(RECORD EXCERPTS Opens)
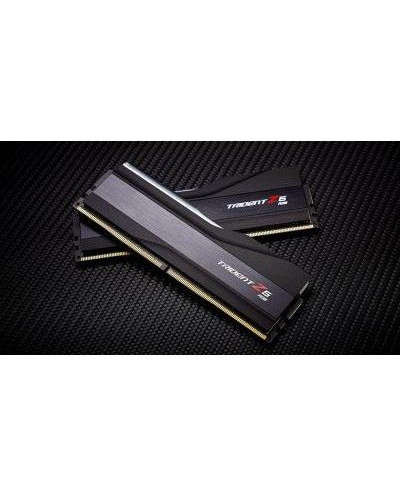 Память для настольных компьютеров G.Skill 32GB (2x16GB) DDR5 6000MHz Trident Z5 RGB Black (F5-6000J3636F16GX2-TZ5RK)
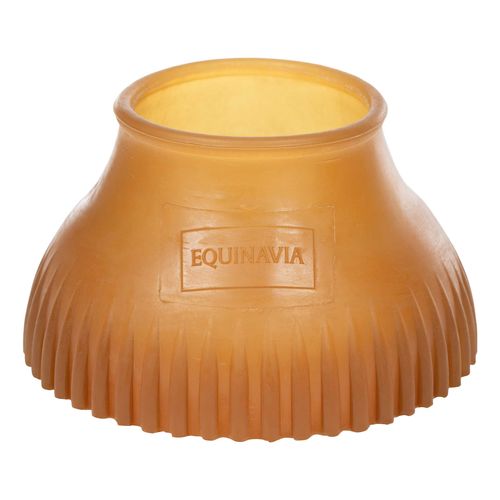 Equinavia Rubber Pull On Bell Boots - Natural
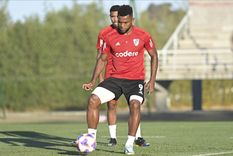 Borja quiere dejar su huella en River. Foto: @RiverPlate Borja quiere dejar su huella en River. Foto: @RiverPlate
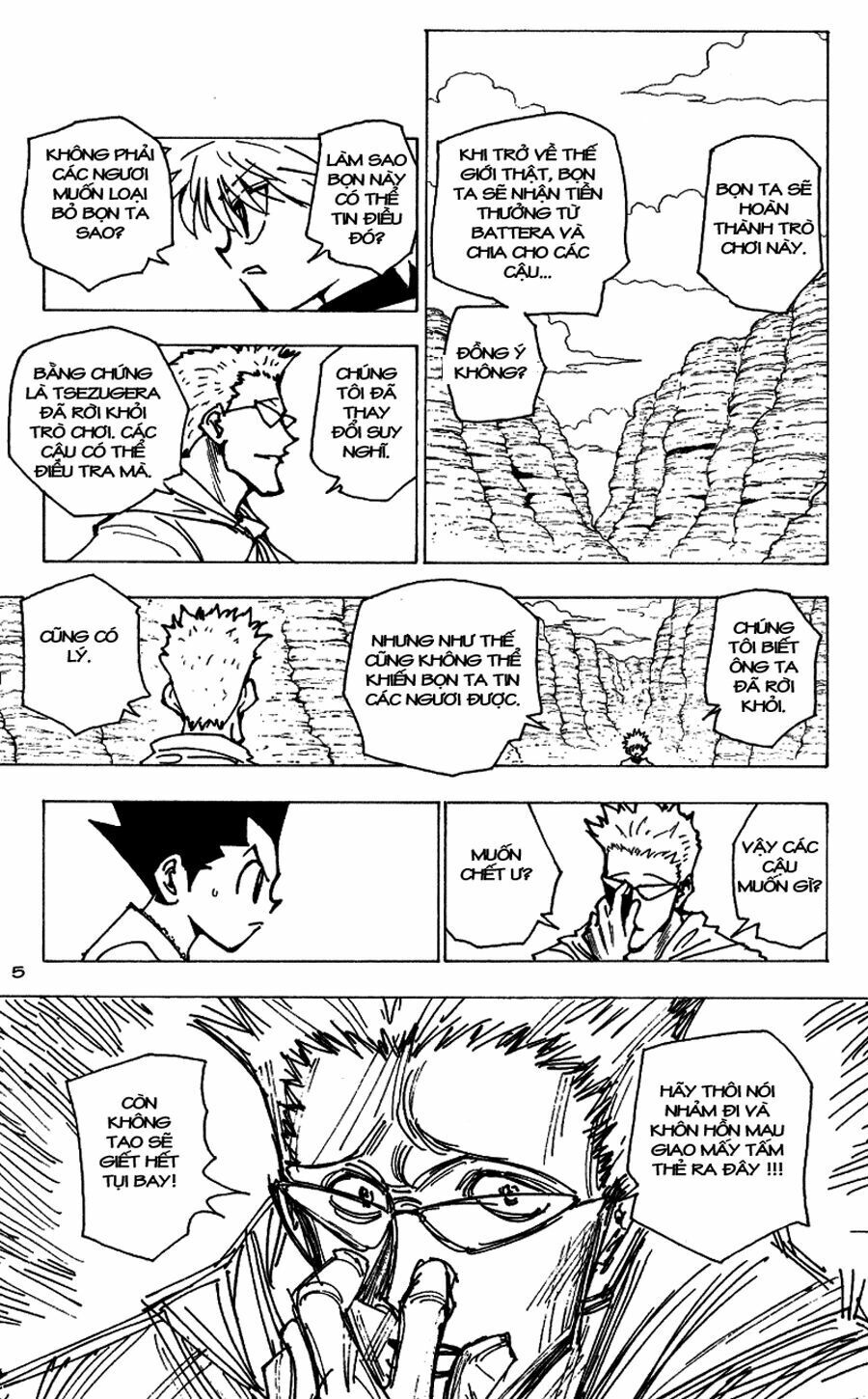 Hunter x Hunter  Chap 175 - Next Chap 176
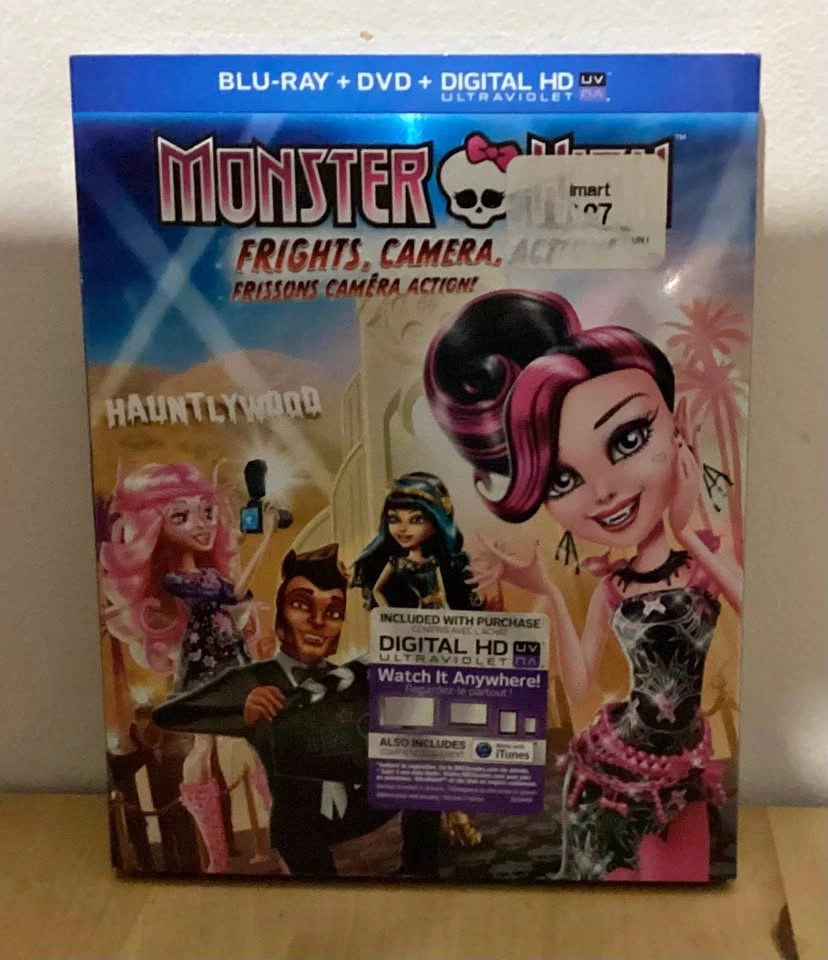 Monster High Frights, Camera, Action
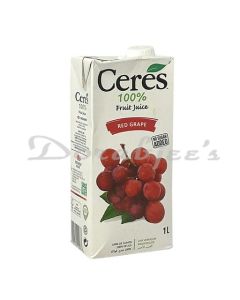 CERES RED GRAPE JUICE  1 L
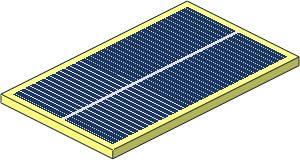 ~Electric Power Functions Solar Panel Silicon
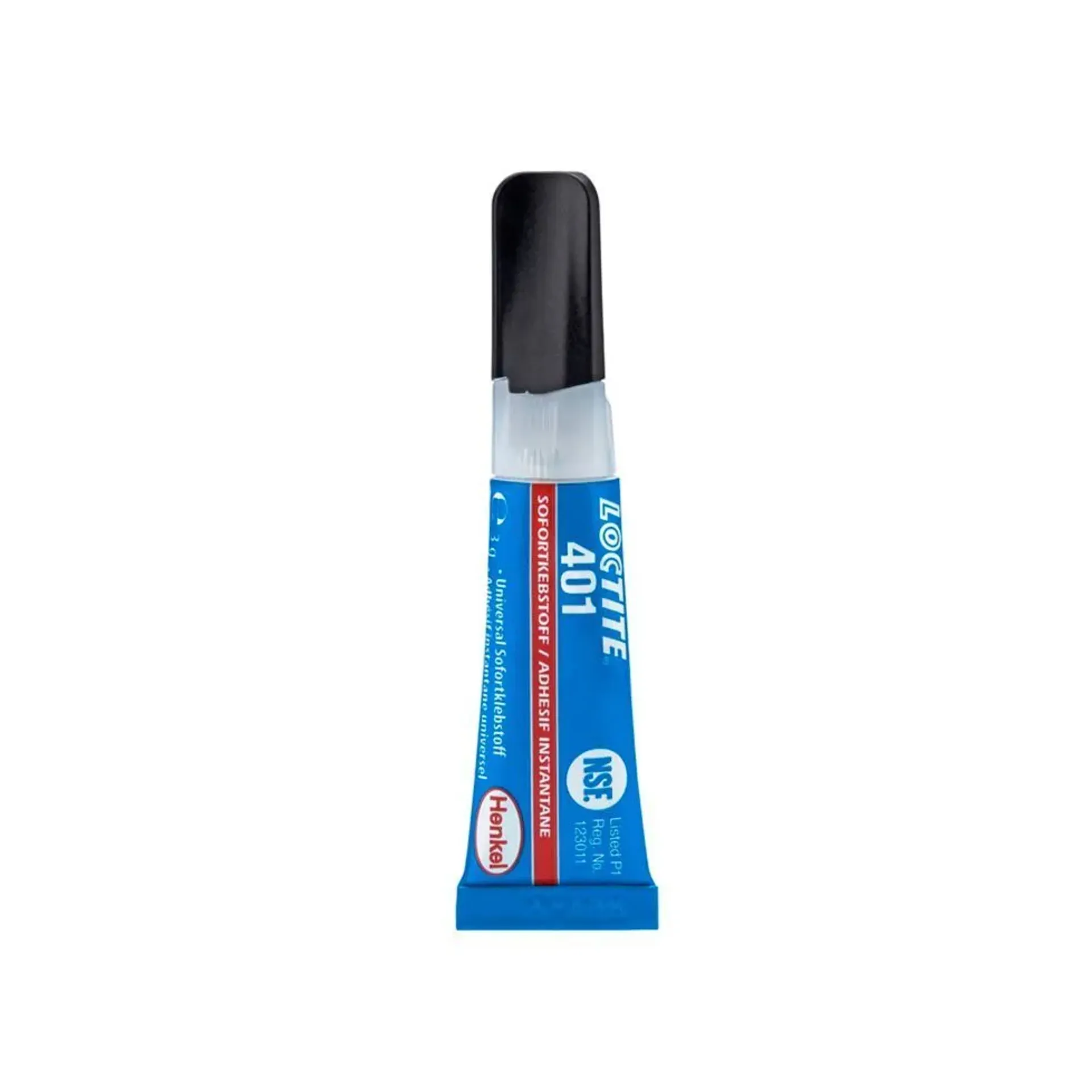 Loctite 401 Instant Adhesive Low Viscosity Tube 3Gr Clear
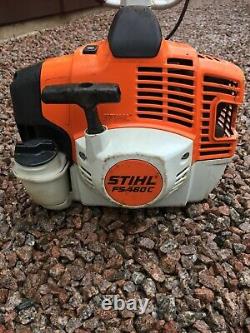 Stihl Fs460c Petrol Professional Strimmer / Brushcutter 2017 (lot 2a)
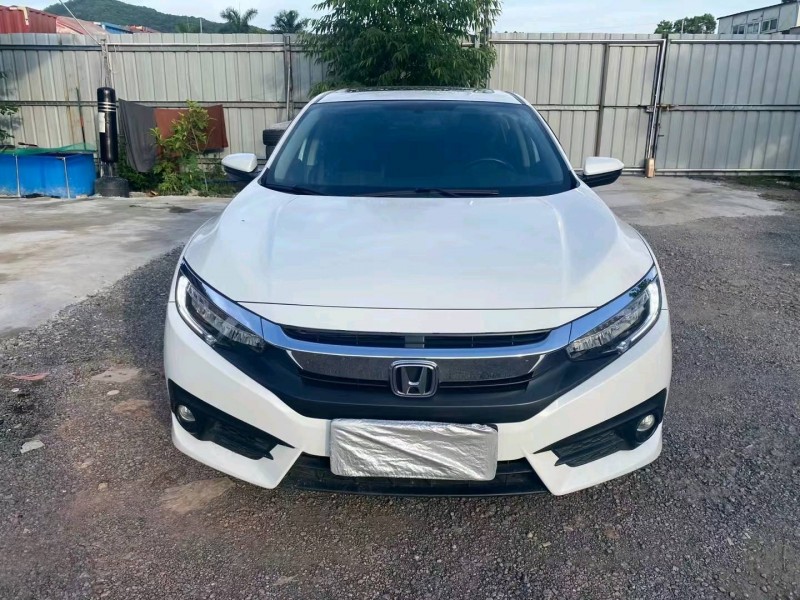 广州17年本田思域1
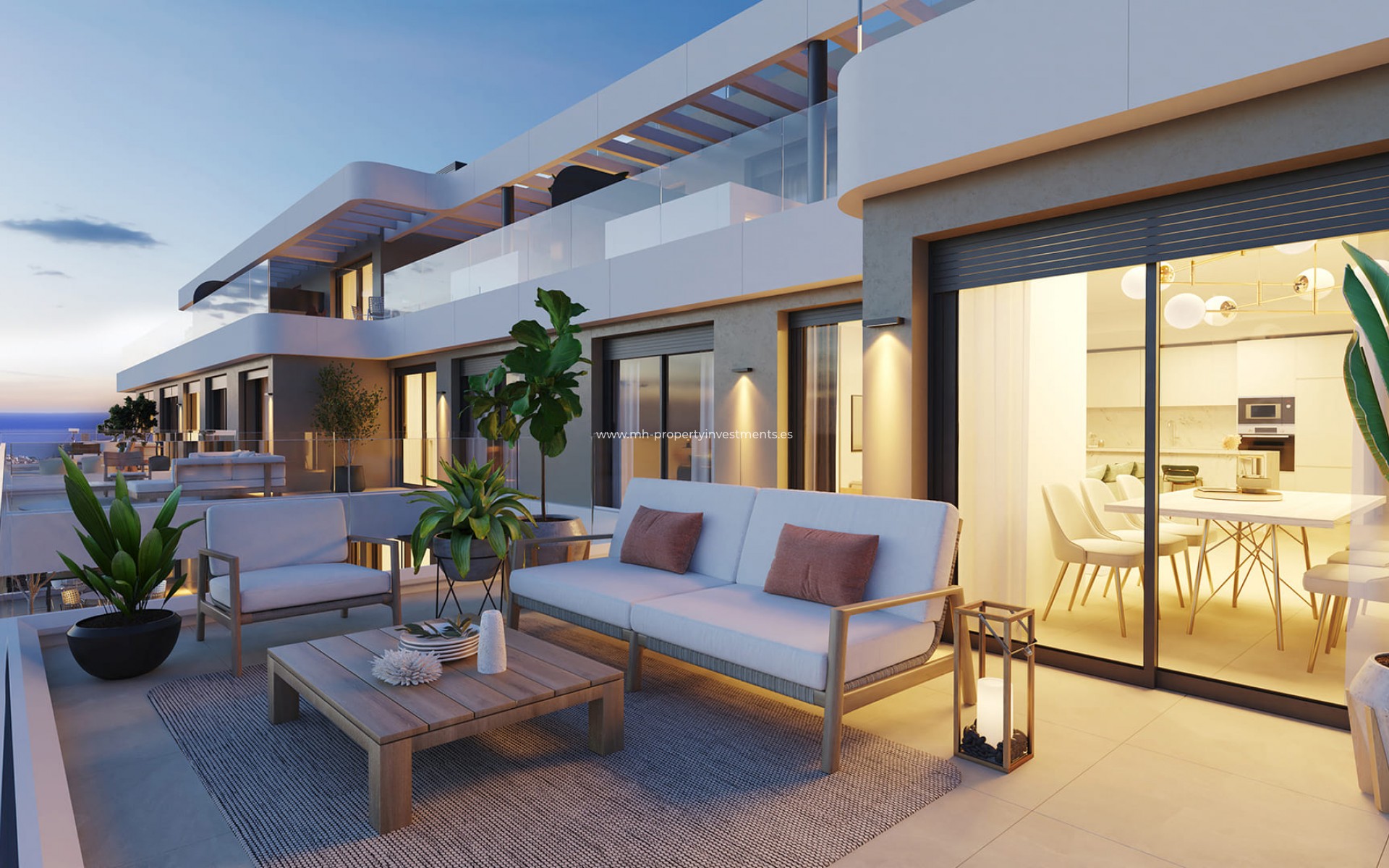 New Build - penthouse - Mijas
(RECORD EXCERPTS Closes)
◆ **WHAT IS BEING ASKED**:
Only an exact copy is wanted: the lines from the opening of the material through the line that has "Equinavia Rubber Pull", minus any pictures.

◆ **EXERCISE OUTPUT**:
 Память для настольных компьютеров G.Skill 32GB (2x16GB) DDR5 6000MHz Trident Z5 RGB Black (F5-6000J3636F16GX2-TZ5RK)
 Equinavia Rubber Pull On Bell Boots - Natural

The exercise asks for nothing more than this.